> _Your instructions_: Reproduce the listing below from the line with "NWT Gray Skinny Jeans" to the line with "STRUT-THIS The Wren Capri Legging | Thumbnail 1 STRUT-THIS", both lines included, character for character, minus any pictures.

> _Material for this task_:
-- Opening Marker --

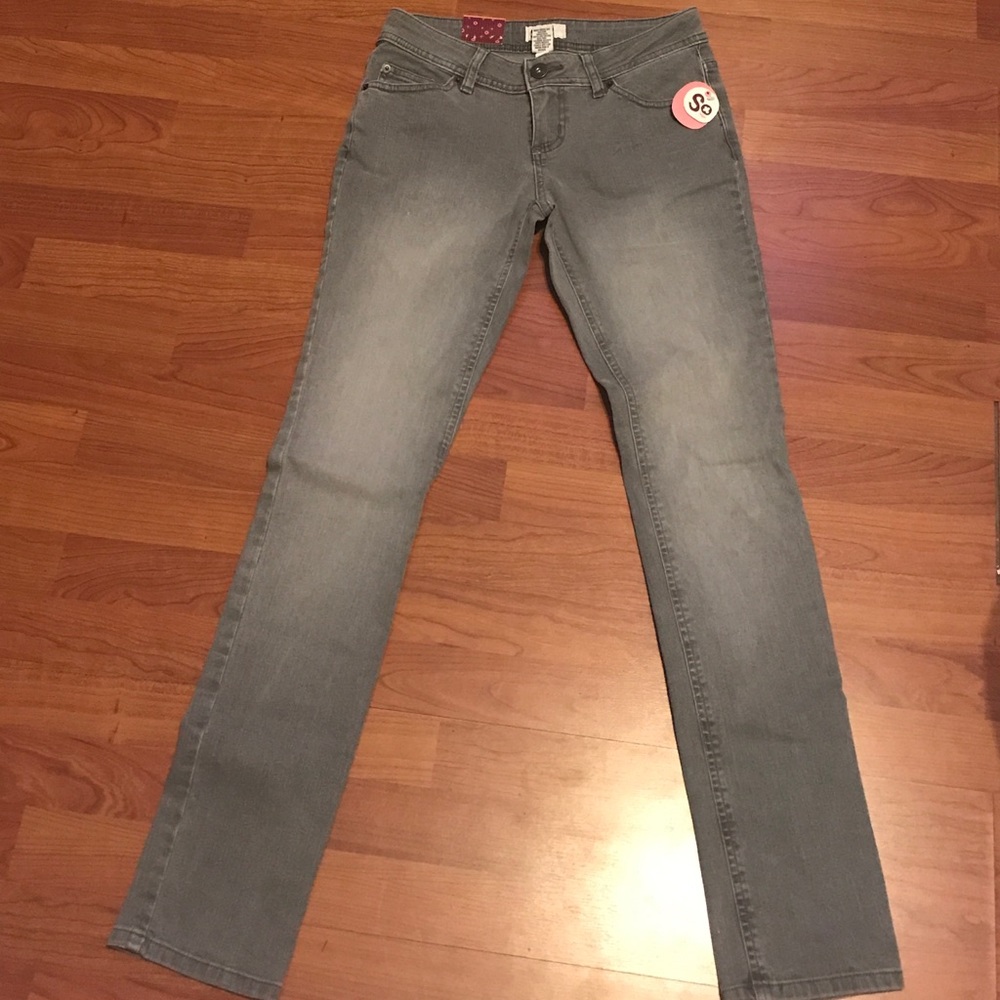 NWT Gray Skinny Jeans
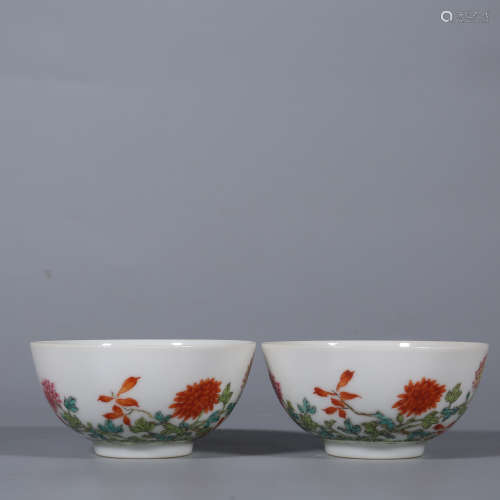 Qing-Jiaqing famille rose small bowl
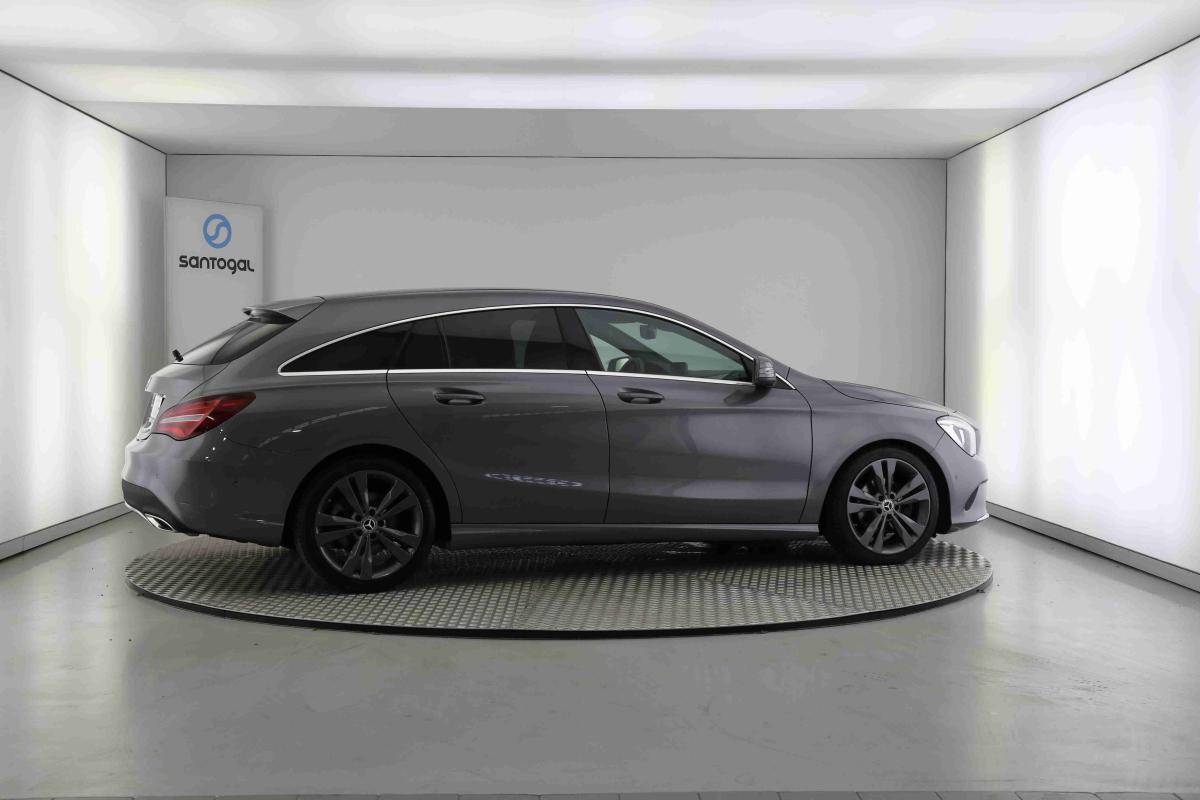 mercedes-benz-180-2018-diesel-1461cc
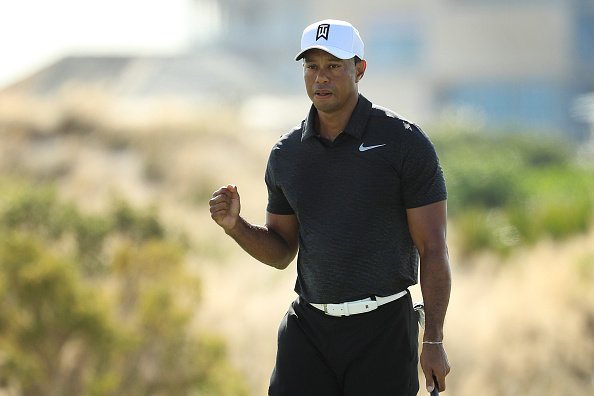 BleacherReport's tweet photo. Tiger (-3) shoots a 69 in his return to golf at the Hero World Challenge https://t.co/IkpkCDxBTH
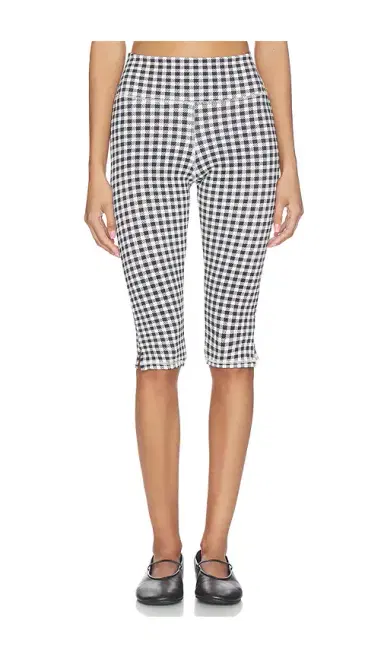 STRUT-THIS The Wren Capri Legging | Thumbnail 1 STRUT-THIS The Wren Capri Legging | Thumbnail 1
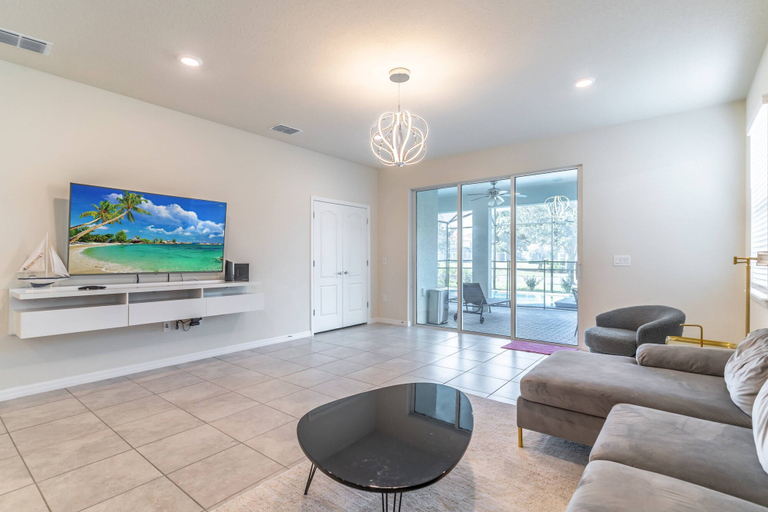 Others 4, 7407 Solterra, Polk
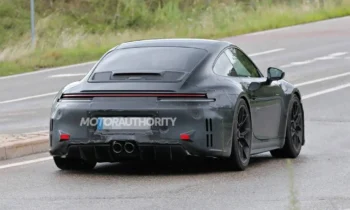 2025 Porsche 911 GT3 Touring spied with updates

-- Closing Marker --
-- Opening Marker --

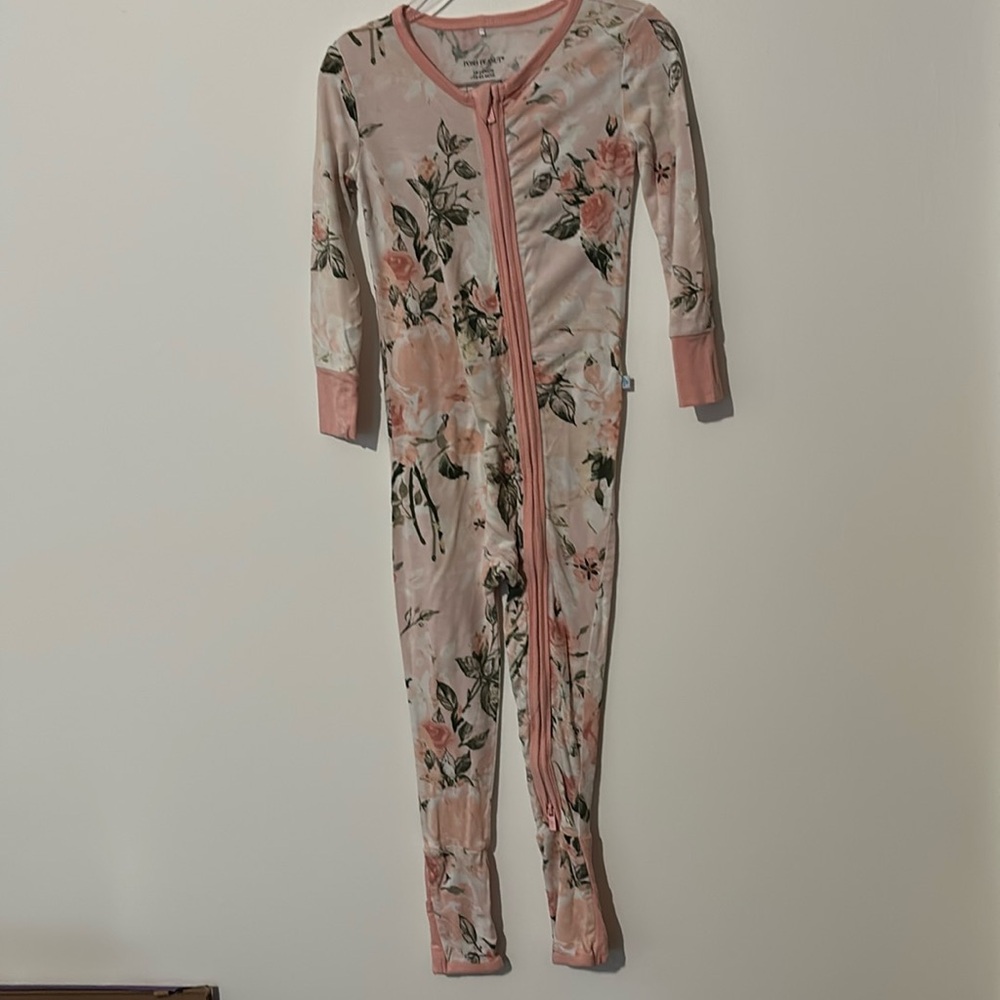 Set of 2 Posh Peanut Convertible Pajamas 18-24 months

-- Closing Marker --

> _Exercise response_:
 NWT Gray Skinny Jeans
 Qing-Jiaqing famille rose small bowl
 mercedes-benz-180-2018-diesel-1461cc
 BleacherReport's tweet photo. Tiger (-3) shoots a 69 in his return to golf at the Hero World Challenge https://t.co/IkpkCDxBTH
 STRUT-THIS The Wren Capri Legging | Thumbnail 1 STRUT-THIS The Wren Capri Legging | Thumbnail 1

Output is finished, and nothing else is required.